Für das alte Recht geht der Senat von folgenden Überlegungen aus: Entäußerung ist grundsätzlich anzuerkennen, wenn der Betrieb, wirtschaftlich betrachtet, von dem bisherigen Unternehmer nicht mehr fortgesetzt wird, und zwar gleichgültig, ob er in einem oder in mehreren Stücken abgegeben wird. Unschädlich ist es, wenn verhältnismäßig kleine Teile zurückbehalten werden. Allerdings liegt eine Abgabe nicht schon dann vor, wenn der zurückbehaltene Teil keine dauerhafte Existenzgrundlage mehr bildet (vgl. § 1 Abs. 4 GAL aF), weil bei dieser Auffassung unter Umständen eine Abgabe des Unternehmens bereits zu bejahen wäre, wenn nur geringfügige Teile abgegeben würden und so die Mindestgrenze des § 1 Abs. 4 GAL aF unterschritten wäre. Eine Abgabe ist stets auch dann zu verneinen, wenn der zurückbehaltene Teil, für sich allein betrachtet, noch eine dauerhafte Existenzgrundlage darstellt, gleichgültig welchen Anteil er ausmacht; denn hier wird noch ein landwirtschaftliches Unternehmen fortgeführt, und der Veräußerer bleibt landwirtschaftlicher Unternehmer Schewe/Zöllner (Alterssicherung der Landwirte, § 2 Anm. III 3) halten das Zurückbehalten von 5 bis 20 % des festgesetzten Einheitswerts für unwesentlich, während sich in der Verwaltungspraxis allgemein durchgesetzt hat, daß der zurückbehaltene Teil 25 v.H. des gesamten Unternehmens nicht überschreiten darf. Auch der Senat ist der Auffassung, daß man für die alte Fassung des Gesetzes nicht auf einen Prozentsatz des Meßwertes wie in § 2 Abs. 6 GAL nF abstellen sollte, sondern darauf, welcher prozentuale Teil des Unternehmens zurückbehalten worden ist bzw. ob ein Vergleich zwischen dem abgegebenen und dem zurückbehaltenen Teil so ausfällt, daß man sagen muß, das alte Unternehmen sei als solches nicht mehr vorhanden, sondern entäußert. Dies wird man dann zu bejahen haben, wenn Unternehmensteile von höchstens etwa einem Viertel der bisherigen Betriebsgröße zurückbehalten werden, es sei denn, daß der zurückbehaltene Teil, gleichgültig welchen Anteil er an dem Gesamtunternehmen ausmacht, selber noch eine dauerhafte Existenzgrundlage im Sinne des § 1 Abs. 4 GAL bildet.

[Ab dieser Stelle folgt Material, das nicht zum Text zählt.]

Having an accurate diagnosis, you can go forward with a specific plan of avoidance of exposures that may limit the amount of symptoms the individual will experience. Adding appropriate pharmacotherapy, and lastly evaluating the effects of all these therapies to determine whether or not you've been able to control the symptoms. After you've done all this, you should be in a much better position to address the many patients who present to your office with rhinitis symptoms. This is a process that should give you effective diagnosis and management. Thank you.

Im vorliegenden Falle hat der Kläger 1950 von der bis dahin bewirtschafteten Fläche von 6 ha weit mehr als ein Viertel, nämlich 4, 12 ha, zurückbehalten. Es hat also im Jahre 1950 keine Entäußerung stattgefunden. Geht man aber von einer Entäußerung in Jahre 1950 aus, so fehlt es für die Zubilligung des Altersgeldes einmal, von der Entäußerung an gesehen, an einer 15 jährigen Bewirtschaftung als Unternehmer im Sinne des § 1 GAL aF (§ 25 Abs. 1 GAL aF). Zum anderen war der Kläger vom 1. Oktober 1957 bis zum 28. Februar 1958 kein beitragspflichtiger Unternehmer, da er wegen Bezuges seiner Rente gemäß § 8 Abs. 4 GAL beitragsfrei war. Für die Zeit bis zum 31. Dezember 1961 ist die Klage daher abzuweisen.

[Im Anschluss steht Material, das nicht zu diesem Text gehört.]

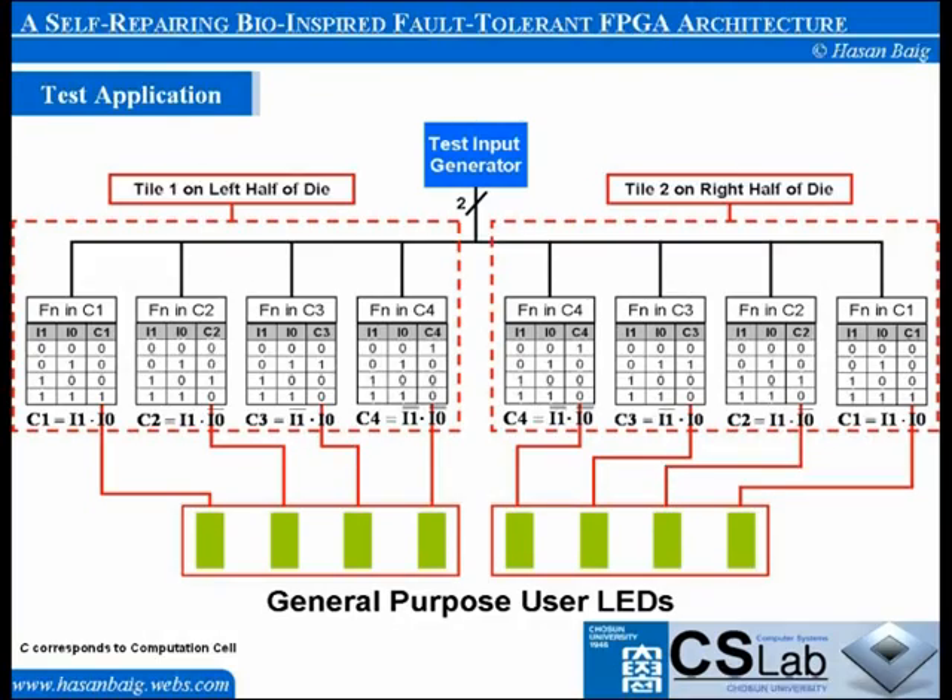The input generator continuously generates the sequence 0, 1, 2, 3 and then again 0 with a delay of 0.25 seconds. This sequence is wired at the inputs of all the cells of both tiles. Thus for the viewer, it becomes an LED shifting application which performs a continuous left shift operation on tile 1 LEDs and a right shift operation on tile 2 LEDs. We have employed a differential-based partial reconfiguration technique to induce errors in any particular cell, allowing one to change the contents of any specific LUT without interrupting other ongoing processes.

Ob für die Zeit vom 1. Januar 1962 an ein Altersgeldanspruch gegeben ist, kann aus den bisherigen Feststellungen nicht entnommen werden. Nach dieser war der Kläger hauptberuflicher landwirtschaftlicher Unternehmer im Sinne des § 1 GAL für die Zeit von 1933 bis 1950. Er war dies also am 1. Oktober 1957 nicht mehr. Wenn er nun inzwischen das Unternehmen abgegeben hat (das Gesetz verlangt nicht, daß die Abgabe bereits in dem Zeitpunkt erfolgt, in dem das Unternehmen keine dauerhafte Existenzgrundlage mehr bietet), könnten die Voraussetzungen eines Alterzgeldanspruchs nach § 26 Abs. 1 GAL nF erfüllt sein. Nach § 2 Abs. 6 GAL nF ist jetzt die Zurückbehaltung eines Teils bis zu 25 v.H. der nach § 1 Abs. 4 GAL nF festzusetzenden Mindesthöhe unschädlich (vgl. oben). Da die letztere jedoch nicht ersichtlich ist, kann der Senat nicht prüfen, ob die zurückbehaltenen 2,5 ha ein Viertel dieses Satzes überschreiten. Weiter ist § 26 Abs. 3 GAL nF zu beachten. Hiernach ist bei verheirateten Unternehmern, die keine Abkömmlinge haben, die Voraussetzung der Abgabe auch dann erfüllt, wenn der Einheitswert oder der Arbeitsbedarf des nicht abgegebenen Teils 50 v.H. der Mindesthöhe des § 1 Abs. 4 GAL nF nicht überschreitet. Hierzu sagt der Tatbestand des angefochtenen Urteils nichts, außer daß der Kläger verheiratet ist.
Das Urteil des LSG muß daher insoweit aufgehoben und die Sache zur erneuten Verhandlung und Entscheidung an das LSG zurückverwiesen werden, als es sich um den Anspruch vom 1. Januar 1962 an handelt.
Dem LSG bleibt auch die Entscheidung über die Kosten des Revisionsverfahrens überlassen.